To some, Farag is a visionary who has done great things for a developing world town with a lion's share of archaeological riches. "Luxor, in my view, is very well managed," says Bandarin, the UNESCO World Heritage head. "This is a place where 10 years ago, the situation was very bad, physically. Now everything is full of flowers." To others, however, the new Luxor seems more Vegas than Egypt. The original plan, says the British archaeologist, "was dismissed by the international community at the time as a pile of rubbish. Basically what they were doing was the investment side of it: how money could be made from Luxor."
Worse, some critics complain that the dream of a recreated pharaonic Luxor actually is potentially destructive to the antiquities still beneath the surface. Many scholars are angry about the bulldozers and backhoes at work at construction sites violations of modern archaeological standards and by what they view as complete disregard to any cultural heritage that isn't from the age of the pharaohs. In 2007, the village of Gurna on the west bank of the Nile was demolished and its residents relocated, due to what authorities said was a damaging proximity to ancient tombs. In the process, Egyptian authorities hastily destroyed a unique village culture that had existed in the hills around the tombs for more than a century, says one Egyptologist. Now located further from the tourist zone, residents of the New Gurna complain of cramped housing and few job opportunities.
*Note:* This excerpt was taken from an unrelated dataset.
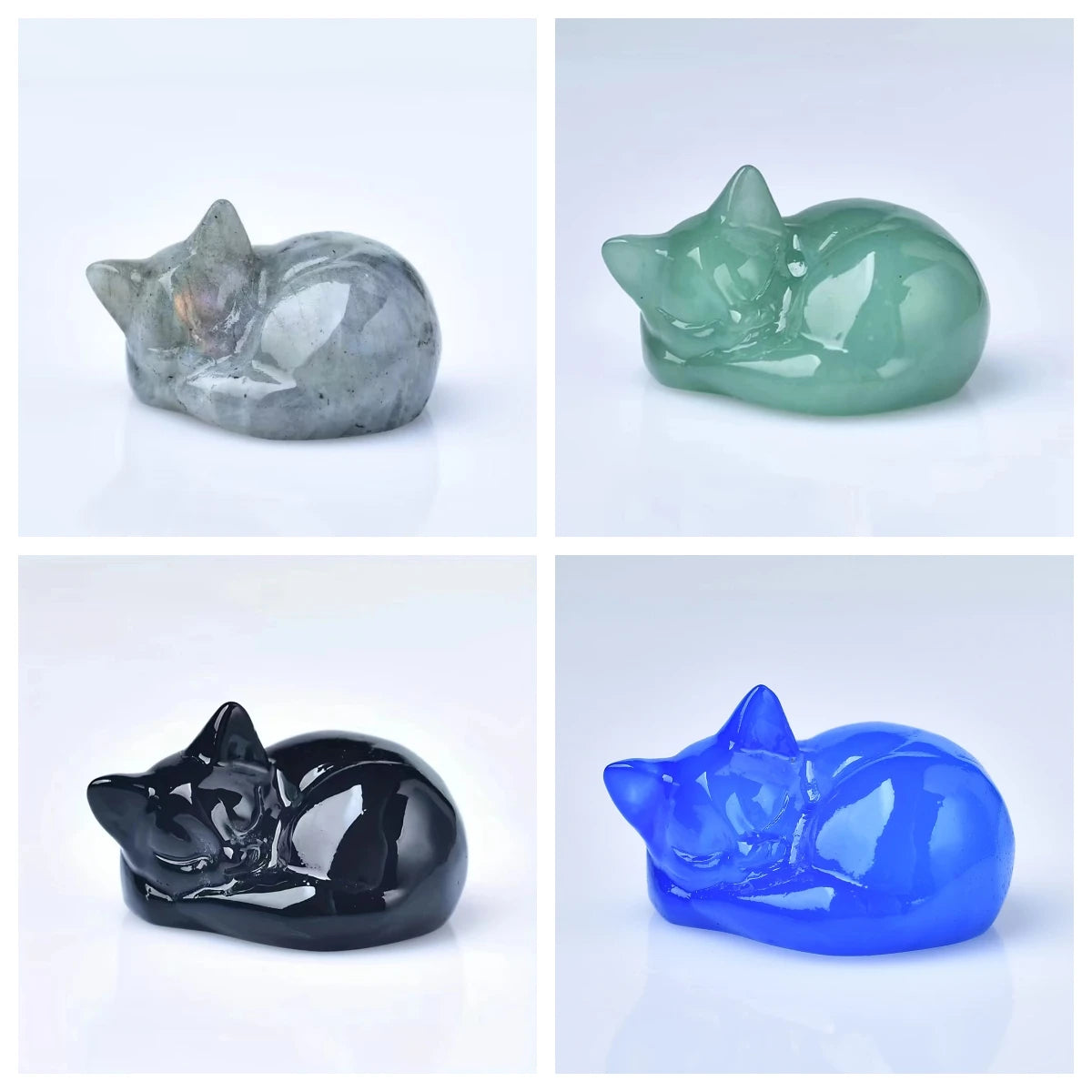 1pc Natural crystal sleeping cat statue. Made of Cupid Crystal. The meditation stone. Small gifts for home decor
And then there is the question of the spectacular Avenue of the Sphinxes. Some experts say that many of the sphinxes were destroyed over the millennia, hacked to pieces or harvested for stone by the civilizations that followed the Pharaohs. "[Egyptian authorities] were told that by every archaeologist and Egyptologist: that if they found anything, it was going to be fragmentary," says the British archaeologist. The plan moved forward anyway." Says one Egyptologist: "There's nothing there."
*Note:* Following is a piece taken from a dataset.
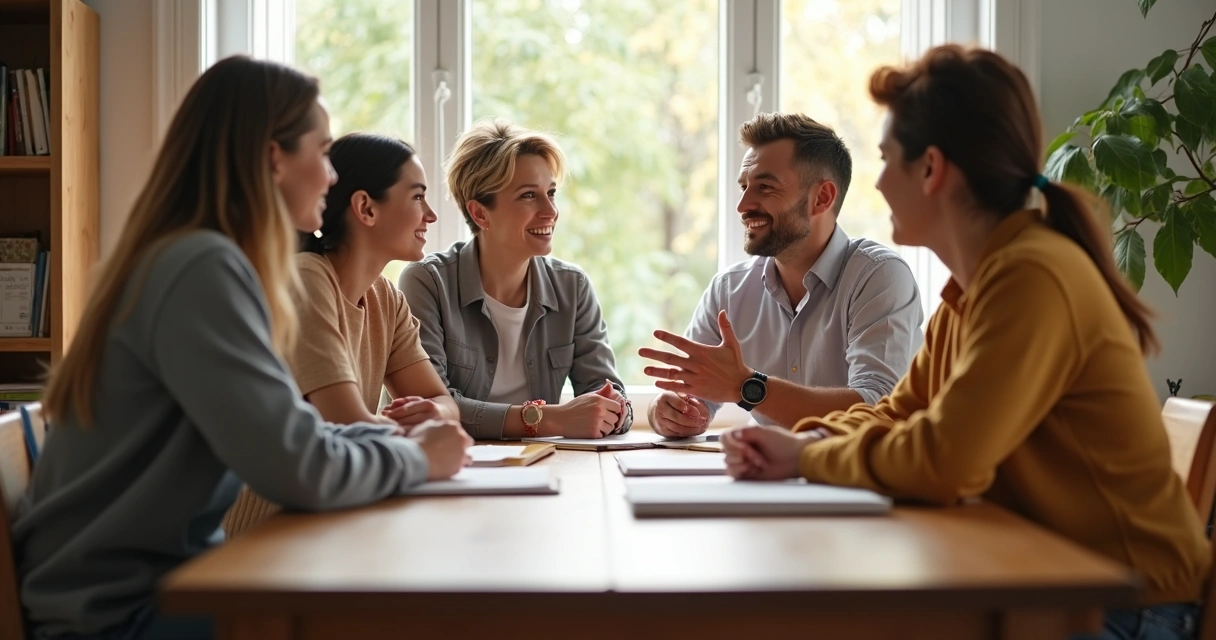 Pessoas de uma família sentadas à mesa conversando de forma aberta e respeitosa.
Some locals question whether the enterprise makes economic sense. How can Egyptians benefit from all these projects, residents ask, when package tourists stay increasingly cloistered in their boats and hotels, and locals eager to make a living are being quite literally pushed out of town. "When you fly in now, there's this huge grid next to the airport of streets and electricity and lights but no houses," says the British archaeologist. "And that's where they want Luxor people to go. To live in this shithole in the desert, in the undying heat."
Meanwhile, on the west bank of the Nile, where the prized Valley of the Kings sits, thick bushes of pink flowers along the roadways cannot completely obscure the mud-brick poverty and trash-filled irrigation canals of the villagers who say they have been cut out of the governor's plan for prosperity. "Samir Farag says, 'Oh, the streets are wider now, it's better,'" scoffs one shopkeeper, who declined to be named for fear of the authorities. "All these are lies. Tourism is going down and the hotels are empty."
In the end, many with a stake in Egypt's most celebrated city are wondering what the new version of Luxor is going to look like. Some see a major success; some predict Disneyland; others see a sick joke. Says the Egyptologist: "I think it will be very shiny."